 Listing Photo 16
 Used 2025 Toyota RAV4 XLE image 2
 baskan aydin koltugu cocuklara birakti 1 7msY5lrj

### Exercise requirements:
Return every line of the listing, word for word.

### Output:
 Listing Photo 16
 Used 2025 Toyota RAV4 XLE image 2
 baskan aydin koltugu cocuklara birakti 1 7msY5lrj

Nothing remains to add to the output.